Nous CHARLOTTE, par la grâce de Dieu, Grande-Duchesse de Luxembourg, Duchesse de Nassau, etc., etc., etc.;

Notre Conseil d'Etat entendu;

De l'assentiment de la Chambre des Députés;

Vu la décision de la Chambre des Députés du 19 janvier 1961 et celle du Conseil d'Etat du 3 février 1961 portant qu'il n'y a pas lieu à second vote;

Avons ordonné et ordonnons:

Art. 1er.

Une indemnité d'attente est accordée aux bénéficiaires d'une pension à charge de la Caisse de prévoyance des fonctionnaires et employés communaux et à tous autres titulaires d'une pension communale.
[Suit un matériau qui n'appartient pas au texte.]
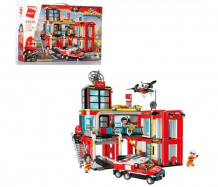 Купить конструктор enlighten brick пожарная станция с фигурками и аксессуарами 693 детали brick12014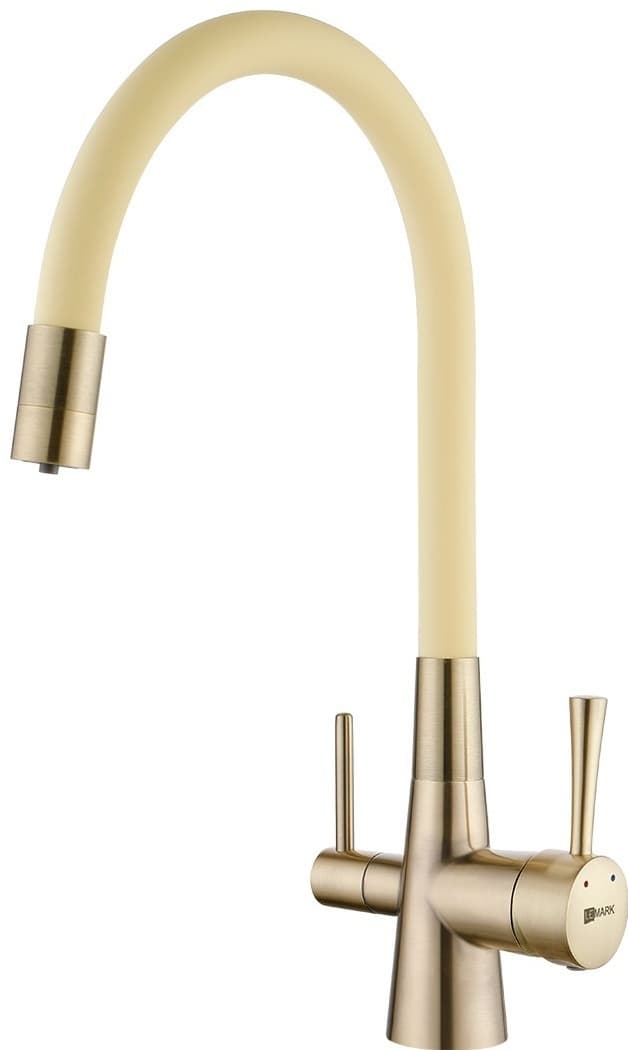 Смеситель с гибким изливом Lemark Comfort LM3075G, латунь, цвет белый, золотой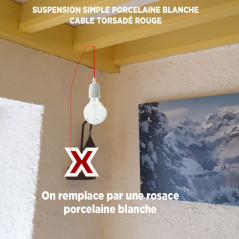 COMMANDE PRIVÉE - 1 suspension simple et 1 suspension guirlande 4 lampes douille porcelaine - voir descriptif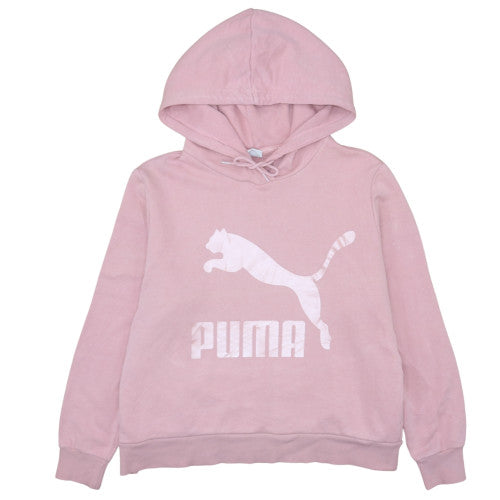 Puma Women Pink Pullover Hoodie L Hooded Sweatshirt Casual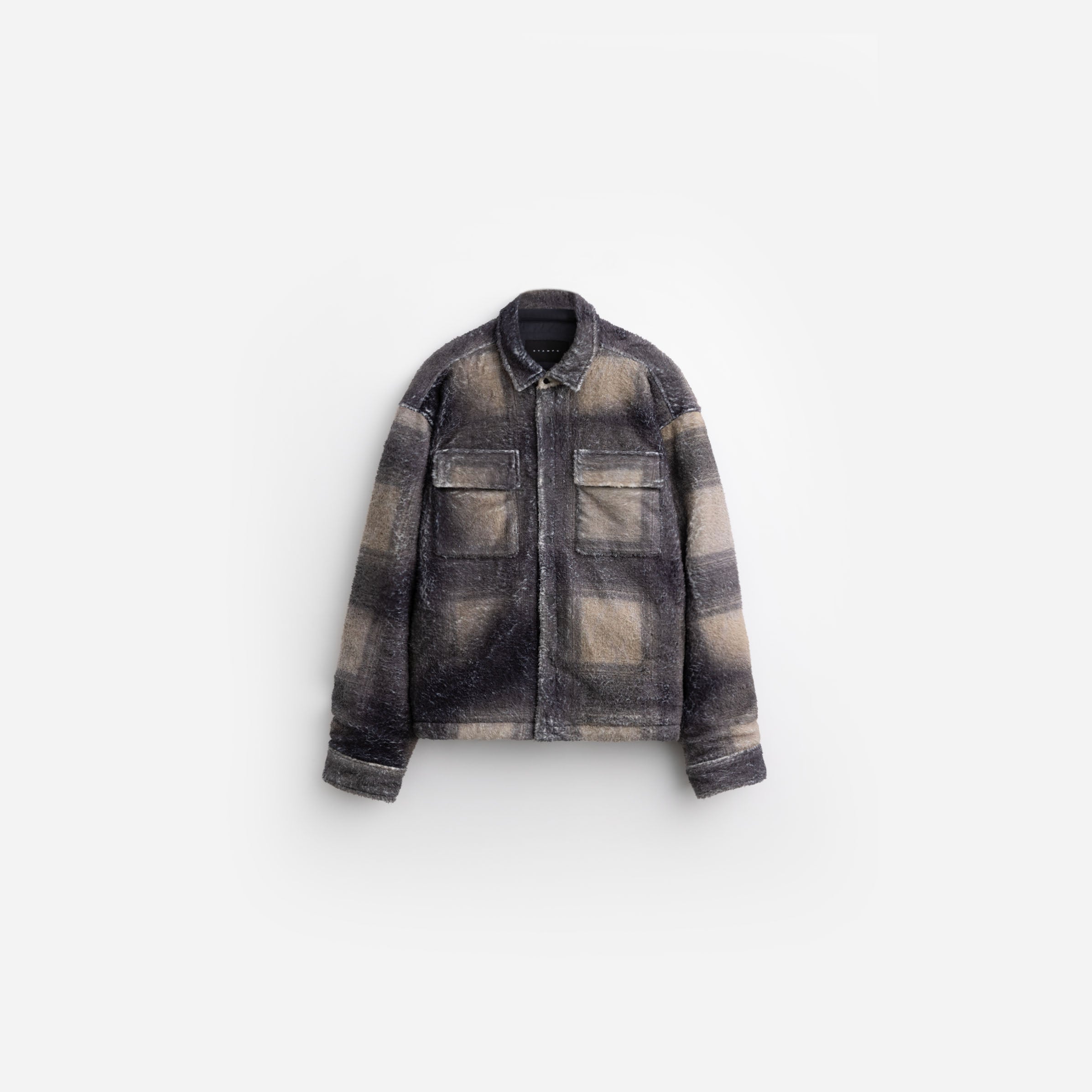 Camo Plaid Cropped Sherpa Buttondown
L'indemnité est due aux personnes qui avaient droit à une pension de retraite ou de survie au 30 juin 1960.

Art. 2.

L'indemnité est égale à la moitié de la pension qui a été liquidée pour le mois de juin 1960, sans qu'elle puisse être inférieure à la moitié du montant mensuel des minima garantis par l'article 25, II de la loi du 26 mai 1954, réglant les pensions des fonctionnaires de l'Etat, majorés de 25%. Les minima sont réduits le cas échéant en fonction du degré d'occupation et ils ne sont pas appliqués:

a) aux bénéficiaires de pensions exclus des dispositions relatives au minimum;
b) à ceux qui touchent à la fois une pension de retraite et une pension de survie à charge de la Caisse de prévoyance.

Toutefois, si les deux pensions cumulées restent inférieures au minimum de la pension de retraite, l'indemnité extraordinaire revenant au titulaire sera égale à la moitié du minimum de cette pension, majoré de 25%.

Si entre la date du 1er janvier 1960 et celle du 30 juin 1960 un traitement a été remplacé par une pension ou qu'une pension a été remplacée par une pension d'une autre espèce, l'indemnité est égale à un douzième du total des traitements et pensions payés entre ces deux dates. Ce mode de calcul n'est pas applicable, lorsque ce douzième est inférieur à l'indemnité calculée en fonction du mois de juin 1960. Dans les cas prévus par le présent alinéa la charge de la caisse de prévoyance est limitée à un douzième de chaque mensualité de la pension payée pendant le 1er semestre de l'année 1960.

Art. 3.

Si les pensionnés de l'Etat obtiennent un complément d'indemnité d'attente en vertu de l'alinéa 3 de l'article 8 de la loi budgétaire du 25 juin 1960, l'indemnité prévue par l'article 1er de la présente loi pourra être complétée par un règlement d'administration publique, qui appliquera par analogie les formes et les modalités des dispositions de l'article 2, III de la loi du 20 mai 1959, ayant pour objet l'allocation d'une indemnité extraordinaire aux fonctionnaires et pensionnés de l'Etat. Les adaptations nécessaires seront faites par le Conseil d'administration de la caisse de prévoyance des fonctionnaires et employés communaux sous l'approbation du Ministre de l'Intérieur.

Art. 4.

Par pension au sens de l'article 2 il faut entendre la pension proprement dite augmentée des allocations familiales.

Art. 5.

L'Etat prendra à charge la moitié de la dépense imputable sur le crédit spécial inscrit à ces fins au budget.

Les communes fourniront une contribution équivalente qui sera répartie entre elles au prorata de leur population de fait constatée par le dernier recensement général. Cette contribution sera liquidée sur le fonds des dépenses communales au profit de la Caisse de prévoyance des fonctionnaires et employés communaux.

Mandons et ordonnons que la présente loi soit insérée au Mémorial pour être exécutée et observée par tous ceux que la chose concerne.

Le Ministre de l'Intérieur,

Pierre Grégoire.

Château de Fischbach, le 11 février 1961.

Charlotte.

Doc. parl. N° 835. Sess. ord. 1960-61.